Focused On-demand Libraries - Receptor.AI Collaboration


Explore the Potential with AI-Driven Innovation

The specialised, focused library is developed on demand with the most recent virtual screening and parameter assessment technology, guided by the Receptor.AI drug discovery platform. This approach exceeds the capabilities of traditional methods and offers compounds with higher activity, selectivity, and safety.


From a virtual chemical space containing more than 60 billion molecules, we precisely choose certain compounds. Reaxense aids in their synthesis and provision.


The library features a range of promising modulators, each detailed with 38 ADME-Tox and 32 physicochemical and drug-likeness parameters. Plus, each compound is presented with its ideal docking poses, affinity scores, and activity scores, ensuring a thorough insight.


Our high-tech, dedicated method is applied to construct targeted libraries.


 

Fig. 1. The screening workflow of Receptor.AI

Our methodology leverages molecular simulations to examine a vast array of proteins, capturing their dynamics in both isolated forms and in complexes with other proteins.

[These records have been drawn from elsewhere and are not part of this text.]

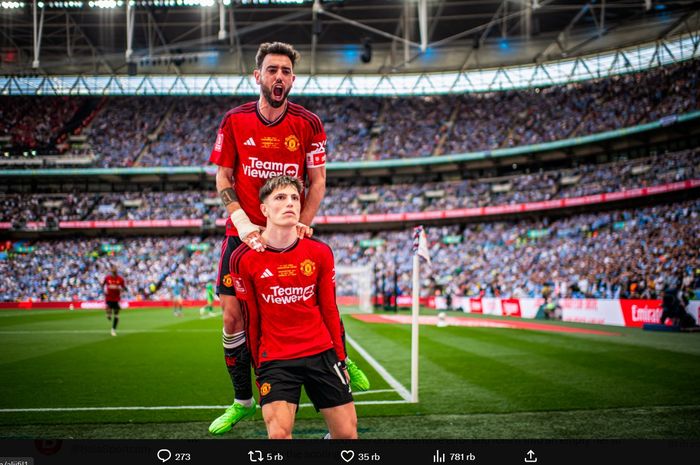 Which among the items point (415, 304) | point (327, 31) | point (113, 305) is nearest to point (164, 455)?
point (415, 304)

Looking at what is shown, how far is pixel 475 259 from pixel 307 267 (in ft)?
126

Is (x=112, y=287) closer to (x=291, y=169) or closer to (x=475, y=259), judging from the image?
(x=291, y=169)

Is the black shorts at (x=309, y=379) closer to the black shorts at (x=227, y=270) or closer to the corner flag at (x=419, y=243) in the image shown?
the black shorts at (x=227, y=270)

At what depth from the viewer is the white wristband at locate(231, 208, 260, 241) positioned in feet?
13.6

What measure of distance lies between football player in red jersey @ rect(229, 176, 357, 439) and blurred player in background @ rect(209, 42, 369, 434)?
0.61m

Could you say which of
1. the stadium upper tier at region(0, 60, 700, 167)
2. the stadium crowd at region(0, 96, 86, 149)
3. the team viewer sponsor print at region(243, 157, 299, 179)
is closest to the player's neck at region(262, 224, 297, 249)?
the team viewer sponsor print at region(243, 157, 299, 179)

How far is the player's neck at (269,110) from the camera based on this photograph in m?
4.68

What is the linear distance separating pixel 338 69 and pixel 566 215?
82.3 ft

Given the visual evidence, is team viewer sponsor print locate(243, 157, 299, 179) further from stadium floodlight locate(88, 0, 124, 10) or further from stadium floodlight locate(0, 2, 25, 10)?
stadium floodlight locate(0, 2, 25, 10)

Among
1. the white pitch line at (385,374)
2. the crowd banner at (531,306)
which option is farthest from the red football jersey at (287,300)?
the crowd banner at (531,306)

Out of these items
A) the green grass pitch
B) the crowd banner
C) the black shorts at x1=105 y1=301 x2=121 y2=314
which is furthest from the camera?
the crowd banner

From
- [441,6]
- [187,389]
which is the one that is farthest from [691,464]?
[441,6]

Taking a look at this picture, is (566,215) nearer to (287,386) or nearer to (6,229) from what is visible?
(6,229)

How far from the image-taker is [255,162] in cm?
470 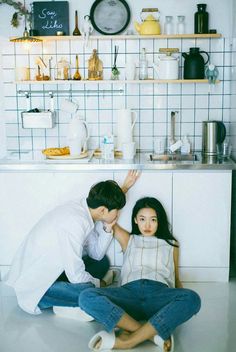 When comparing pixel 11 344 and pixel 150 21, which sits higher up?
pixel 150 21

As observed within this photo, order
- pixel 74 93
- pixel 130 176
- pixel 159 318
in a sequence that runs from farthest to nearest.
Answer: pixel 74 93 → pixel 130 176 → pixel 159 318

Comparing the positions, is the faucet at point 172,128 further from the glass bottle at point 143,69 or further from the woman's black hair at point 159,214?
the woman's black hair at point 159,214

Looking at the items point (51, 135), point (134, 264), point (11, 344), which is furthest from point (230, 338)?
point (51, 135)

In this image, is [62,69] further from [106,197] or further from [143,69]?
[106,197]

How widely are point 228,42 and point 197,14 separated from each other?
298 millimetres

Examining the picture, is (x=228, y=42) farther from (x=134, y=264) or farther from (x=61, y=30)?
(x=134, y=264)

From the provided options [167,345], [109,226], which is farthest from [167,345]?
[109,226]

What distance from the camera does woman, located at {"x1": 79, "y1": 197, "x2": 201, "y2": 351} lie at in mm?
2562

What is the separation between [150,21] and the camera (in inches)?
137

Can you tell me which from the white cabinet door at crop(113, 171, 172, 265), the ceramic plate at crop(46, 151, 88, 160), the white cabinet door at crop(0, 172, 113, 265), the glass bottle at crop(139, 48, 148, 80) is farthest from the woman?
the glass bottle at crop(139, 48, 148, 80)

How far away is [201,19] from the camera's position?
3.54m

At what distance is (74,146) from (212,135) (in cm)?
94

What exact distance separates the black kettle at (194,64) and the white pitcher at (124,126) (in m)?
0.47

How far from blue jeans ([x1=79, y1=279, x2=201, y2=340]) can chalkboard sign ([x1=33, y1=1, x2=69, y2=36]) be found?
6.00 ft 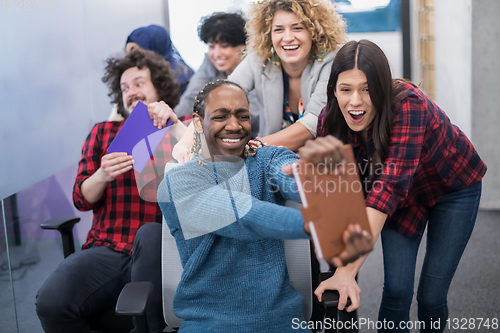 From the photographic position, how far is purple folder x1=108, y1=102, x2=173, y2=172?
67.1 inches

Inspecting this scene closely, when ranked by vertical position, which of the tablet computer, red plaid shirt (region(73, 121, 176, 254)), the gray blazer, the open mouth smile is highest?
the gray blazer

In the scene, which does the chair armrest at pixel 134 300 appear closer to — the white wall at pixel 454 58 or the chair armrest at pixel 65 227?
the chair armrest at pixel 65 227

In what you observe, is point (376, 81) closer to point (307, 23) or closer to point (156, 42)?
point (307, 23)

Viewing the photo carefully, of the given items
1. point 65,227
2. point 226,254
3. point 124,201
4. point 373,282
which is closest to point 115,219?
point 124,201

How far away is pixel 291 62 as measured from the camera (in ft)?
6.17

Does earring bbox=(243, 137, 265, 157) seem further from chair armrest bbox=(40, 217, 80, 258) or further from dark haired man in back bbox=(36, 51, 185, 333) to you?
chair armrest bbox=(40, 217, 80, 258)

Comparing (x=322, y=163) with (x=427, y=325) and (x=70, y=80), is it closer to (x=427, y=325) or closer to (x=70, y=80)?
(x=427, y=325)

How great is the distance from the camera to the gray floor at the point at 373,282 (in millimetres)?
1951

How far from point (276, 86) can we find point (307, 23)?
30cm

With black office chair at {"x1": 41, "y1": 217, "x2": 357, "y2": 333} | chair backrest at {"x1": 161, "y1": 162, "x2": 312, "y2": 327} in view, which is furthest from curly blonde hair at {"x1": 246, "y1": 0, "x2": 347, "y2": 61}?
black office chair at {"x1": 41, "y1": 217, "x2": 357, "y2": 333}

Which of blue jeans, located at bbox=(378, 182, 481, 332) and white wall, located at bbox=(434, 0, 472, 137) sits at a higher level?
white wall, located at bbox=(434, 0, 472, 137)

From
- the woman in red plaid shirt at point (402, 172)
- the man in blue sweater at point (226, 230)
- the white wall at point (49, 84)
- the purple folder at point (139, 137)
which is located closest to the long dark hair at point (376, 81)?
the woman in red plaid shirt at point (402, 172)

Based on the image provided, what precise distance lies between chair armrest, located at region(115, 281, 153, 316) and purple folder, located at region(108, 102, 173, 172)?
58 cm

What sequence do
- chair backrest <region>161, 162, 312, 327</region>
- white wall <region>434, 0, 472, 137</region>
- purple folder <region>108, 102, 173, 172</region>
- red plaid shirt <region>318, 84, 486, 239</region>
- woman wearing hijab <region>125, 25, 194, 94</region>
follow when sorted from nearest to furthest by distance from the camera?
red plaid shirt <region>318, 84, 486, 239</region> < chair backrest <region>161, 162, 312, 327</region> < purple folder <region>108, 102, 173, 172</region> < woman wearing hijab <region>125, 25, 194, 94</region> < white wall <region>434, 0, 472, 137</region> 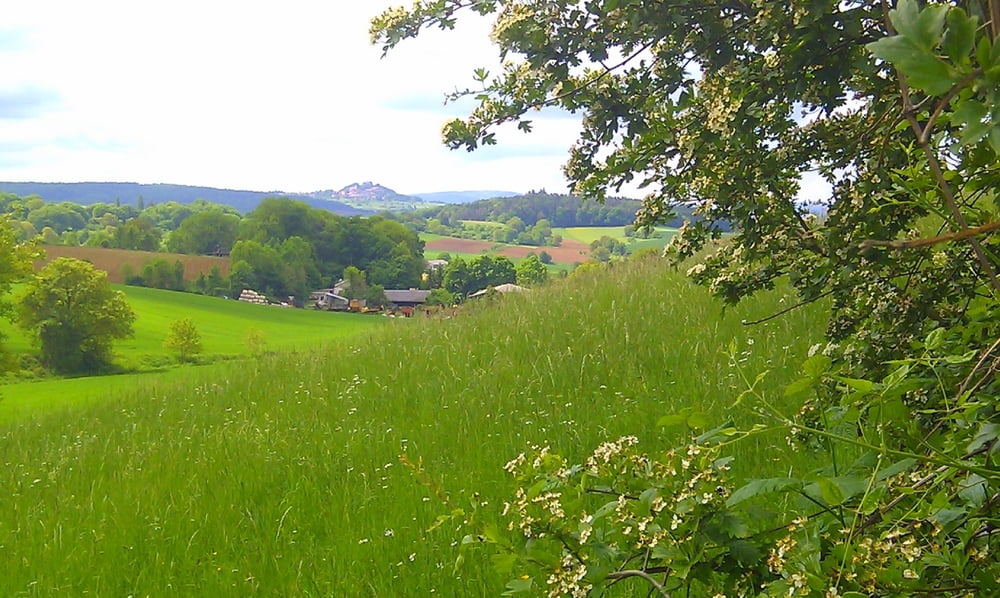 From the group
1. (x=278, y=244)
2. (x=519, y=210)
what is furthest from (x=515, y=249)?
(x=278, y=244)

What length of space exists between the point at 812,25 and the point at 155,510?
4.35 m

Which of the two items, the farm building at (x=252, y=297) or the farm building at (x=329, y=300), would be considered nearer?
the farm building at (x=329, y=300)

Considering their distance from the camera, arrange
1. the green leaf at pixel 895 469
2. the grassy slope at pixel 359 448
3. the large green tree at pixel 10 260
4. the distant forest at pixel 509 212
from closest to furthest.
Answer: the green leaf at pixel 895 469, the grassy slope at pixel 359 448, the large green tree at pixel 10 260, the distant forest at pixel 509 212

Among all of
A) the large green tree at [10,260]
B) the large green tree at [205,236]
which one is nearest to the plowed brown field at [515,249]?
the large green tree at [10,260]

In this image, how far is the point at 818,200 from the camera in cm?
292

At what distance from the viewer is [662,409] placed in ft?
15.1

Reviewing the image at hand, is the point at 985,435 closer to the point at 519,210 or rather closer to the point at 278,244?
the point at 519,210

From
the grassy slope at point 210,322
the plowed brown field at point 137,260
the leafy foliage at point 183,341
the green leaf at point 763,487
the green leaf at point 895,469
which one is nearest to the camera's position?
the green leaf at point 895,469

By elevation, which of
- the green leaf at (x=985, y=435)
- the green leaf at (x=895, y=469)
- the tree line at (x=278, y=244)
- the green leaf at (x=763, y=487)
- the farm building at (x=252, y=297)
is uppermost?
the green leaf at (x=985, y=435)

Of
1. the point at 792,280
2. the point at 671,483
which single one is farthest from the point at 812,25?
the point at 671,483

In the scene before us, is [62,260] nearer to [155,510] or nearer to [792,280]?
[155,510]

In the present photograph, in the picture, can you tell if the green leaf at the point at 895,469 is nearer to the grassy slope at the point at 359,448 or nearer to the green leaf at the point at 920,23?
the grassy slope at the point at 359,448

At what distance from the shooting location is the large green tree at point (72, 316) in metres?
39.0

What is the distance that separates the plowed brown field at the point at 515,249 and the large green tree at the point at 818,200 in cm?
2758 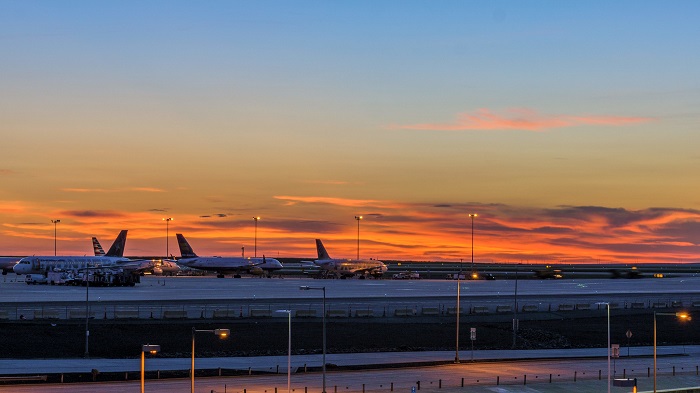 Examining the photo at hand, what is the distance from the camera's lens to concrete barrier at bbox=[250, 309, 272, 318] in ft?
342

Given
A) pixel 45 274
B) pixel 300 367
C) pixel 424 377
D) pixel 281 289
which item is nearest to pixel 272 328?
pixel 300 367

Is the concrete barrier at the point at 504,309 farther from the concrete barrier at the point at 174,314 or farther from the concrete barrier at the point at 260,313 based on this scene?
the concrete barrier at the point at 174,314

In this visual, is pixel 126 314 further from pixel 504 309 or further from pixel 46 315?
pixel 504 309

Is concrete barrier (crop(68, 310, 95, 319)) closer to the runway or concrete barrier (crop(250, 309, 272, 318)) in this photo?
the runway

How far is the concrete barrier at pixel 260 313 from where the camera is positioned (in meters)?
104

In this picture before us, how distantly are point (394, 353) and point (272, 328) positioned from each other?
1451 centimetres

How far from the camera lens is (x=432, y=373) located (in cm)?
7656

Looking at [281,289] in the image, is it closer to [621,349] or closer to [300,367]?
[621,349]

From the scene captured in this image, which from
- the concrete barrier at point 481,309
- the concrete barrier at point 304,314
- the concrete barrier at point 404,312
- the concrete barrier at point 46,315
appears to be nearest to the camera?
the concrete barrier at point 46,315

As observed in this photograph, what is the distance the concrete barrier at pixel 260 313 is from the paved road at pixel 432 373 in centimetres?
1756

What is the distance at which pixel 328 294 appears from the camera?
473 ft

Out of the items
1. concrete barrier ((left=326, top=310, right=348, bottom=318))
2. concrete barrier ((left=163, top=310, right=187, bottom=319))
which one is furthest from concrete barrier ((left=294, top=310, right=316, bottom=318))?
concrete barrier ((left=163, top=310, right=187, bottom=319))

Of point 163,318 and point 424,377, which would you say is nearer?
point 424,377

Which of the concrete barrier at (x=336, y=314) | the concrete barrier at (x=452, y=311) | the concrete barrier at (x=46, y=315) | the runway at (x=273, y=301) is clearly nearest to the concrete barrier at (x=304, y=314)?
the concrete barrier at (x=336, y=314) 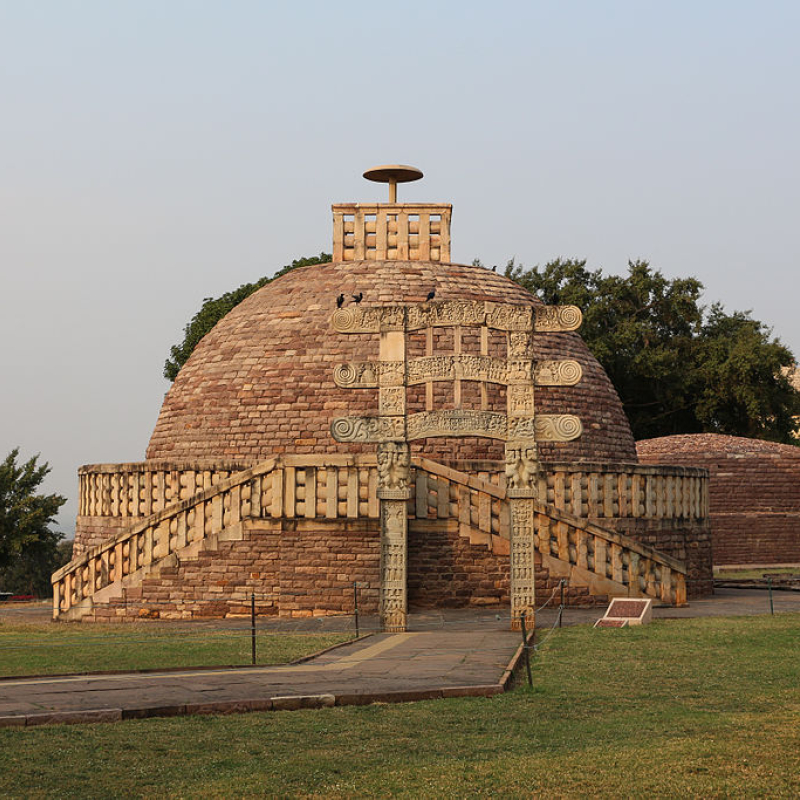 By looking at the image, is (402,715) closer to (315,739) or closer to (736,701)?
(315,739)

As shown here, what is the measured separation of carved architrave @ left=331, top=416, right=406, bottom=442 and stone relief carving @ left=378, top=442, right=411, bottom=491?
112mm

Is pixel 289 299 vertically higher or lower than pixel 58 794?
higher

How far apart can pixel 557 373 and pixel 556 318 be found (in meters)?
0.84

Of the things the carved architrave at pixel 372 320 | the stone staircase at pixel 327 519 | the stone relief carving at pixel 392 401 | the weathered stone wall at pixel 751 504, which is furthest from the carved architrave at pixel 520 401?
the weathered stone wall at pixel 751 504

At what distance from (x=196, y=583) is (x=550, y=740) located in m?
12.1

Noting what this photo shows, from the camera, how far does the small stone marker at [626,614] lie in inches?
579

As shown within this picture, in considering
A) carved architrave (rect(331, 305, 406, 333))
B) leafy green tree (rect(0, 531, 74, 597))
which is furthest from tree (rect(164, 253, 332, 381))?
carved architrave (rect(331, 305, 406, 333))

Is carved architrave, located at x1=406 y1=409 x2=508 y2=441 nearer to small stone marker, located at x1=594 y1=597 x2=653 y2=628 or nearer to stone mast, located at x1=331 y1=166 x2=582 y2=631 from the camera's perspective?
stone mast, located at x1=331 y1=166 x2=582 y2=631

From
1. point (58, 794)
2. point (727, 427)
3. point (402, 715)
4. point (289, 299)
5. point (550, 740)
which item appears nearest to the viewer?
point (58, 794)

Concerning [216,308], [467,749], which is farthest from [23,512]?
[467,749]

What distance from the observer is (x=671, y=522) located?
21891 mm

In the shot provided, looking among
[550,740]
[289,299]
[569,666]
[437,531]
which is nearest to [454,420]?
[437,531]

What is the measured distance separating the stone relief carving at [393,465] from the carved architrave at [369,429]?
0.11 meters

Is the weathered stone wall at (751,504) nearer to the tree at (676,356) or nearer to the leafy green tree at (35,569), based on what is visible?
the tree at (676,356) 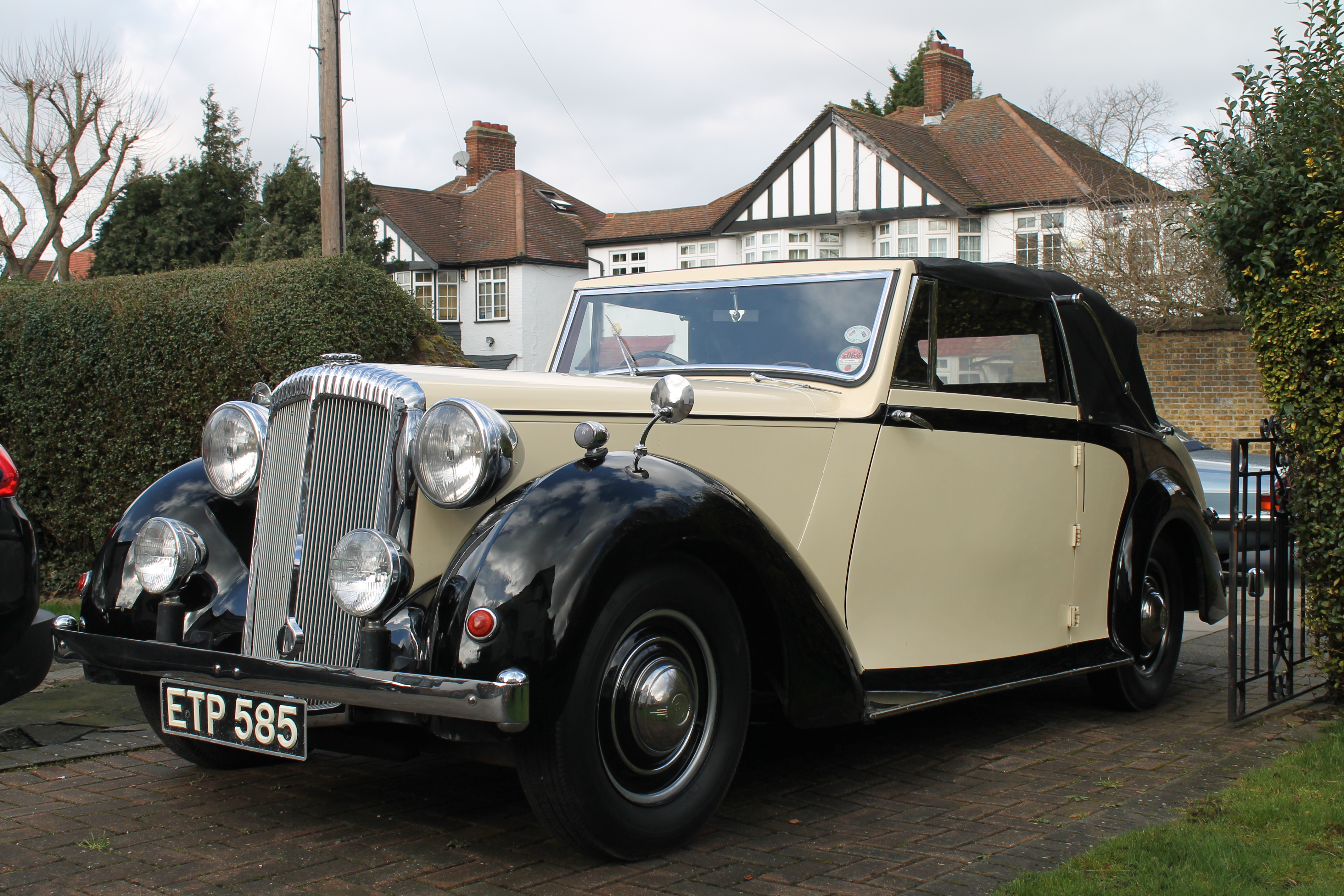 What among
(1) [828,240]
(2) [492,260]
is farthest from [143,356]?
(2) [492,260]

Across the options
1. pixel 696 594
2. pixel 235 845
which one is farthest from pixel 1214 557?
pixel 235 845

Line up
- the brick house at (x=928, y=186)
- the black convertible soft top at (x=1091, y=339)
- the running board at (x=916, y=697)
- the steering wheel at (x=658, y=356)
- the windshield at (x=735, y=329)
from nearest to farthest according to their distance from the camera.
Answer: the running board at (x=916, y=697) → the windshield at (x=735, y=329) → the steering wheel at (x=658, y=356) → the black convertible soft top at (x=1091, y=339) → the brick house at (x=928, y=186)

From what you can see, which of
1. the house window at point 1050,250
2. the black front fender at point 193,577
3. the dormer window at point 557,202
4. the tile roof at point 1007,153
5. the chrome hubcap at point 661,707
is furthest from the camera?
the dormer window at point 557,202

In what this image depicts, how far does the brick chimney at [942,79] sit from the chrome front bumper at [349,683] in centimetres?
3427

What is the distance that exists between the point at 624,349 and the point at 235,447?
5.35ft

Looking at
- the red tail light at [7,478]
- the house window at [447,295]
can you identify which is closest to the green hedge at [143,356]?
the red tail light at [7,478]

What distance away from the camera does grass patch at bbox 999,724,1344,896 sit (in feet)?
9.82

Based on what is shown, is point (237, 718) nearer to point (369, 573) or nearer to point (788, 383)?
point (369, 573)

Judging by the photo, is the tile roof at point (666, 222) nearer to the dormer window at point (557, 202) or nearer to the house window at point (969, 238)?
the dormer window at point (557, 202)

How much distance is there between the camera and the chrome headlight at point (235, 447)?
362cm

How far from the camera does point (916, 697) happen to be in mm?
3963

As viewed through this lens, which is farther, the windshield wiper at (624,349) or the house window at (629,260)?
the house window at (629,260)

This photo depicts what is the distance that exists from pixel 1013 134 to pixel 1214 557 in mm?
28298

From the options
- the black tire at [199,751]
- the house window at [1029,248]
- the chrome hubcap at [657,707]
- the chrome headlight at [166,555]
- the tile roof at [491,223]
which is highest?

Through ensemble virtual screening, we thoroughly account for the protein's conformational mobility, identifying critical binding sites within functional regions and distant allosteric locations. This detailed exploration ensures that we comprehensively assess every possible mechanism of action, with the objective of identifying novel therapeutic targets and lead compounds that span a wide spectrum of biological functions.


Our library is unique due to several crucial aspects:


  • Receptor.AI compiles all relevant data on the target protein, such as past experimental results, literature findings, known ligands, and structural data, thereby enhancing the likelihood of focusing on the most significant compounds.

  • By utilizing advanced molecular simulations, the platform is adept at locating potential binding sites, rendering the compounds in the focused library well-suited for unearthing allosteric inhibitors and binders for hidden pockets.

  • The platform is supported by more than 50 highly specialized AI models, all of which have been rigorously tested and validated in diverse drug discovery and research programs. Its design emphasizes efficiency, reliability, and accuracy, crucial for producing focused libraries.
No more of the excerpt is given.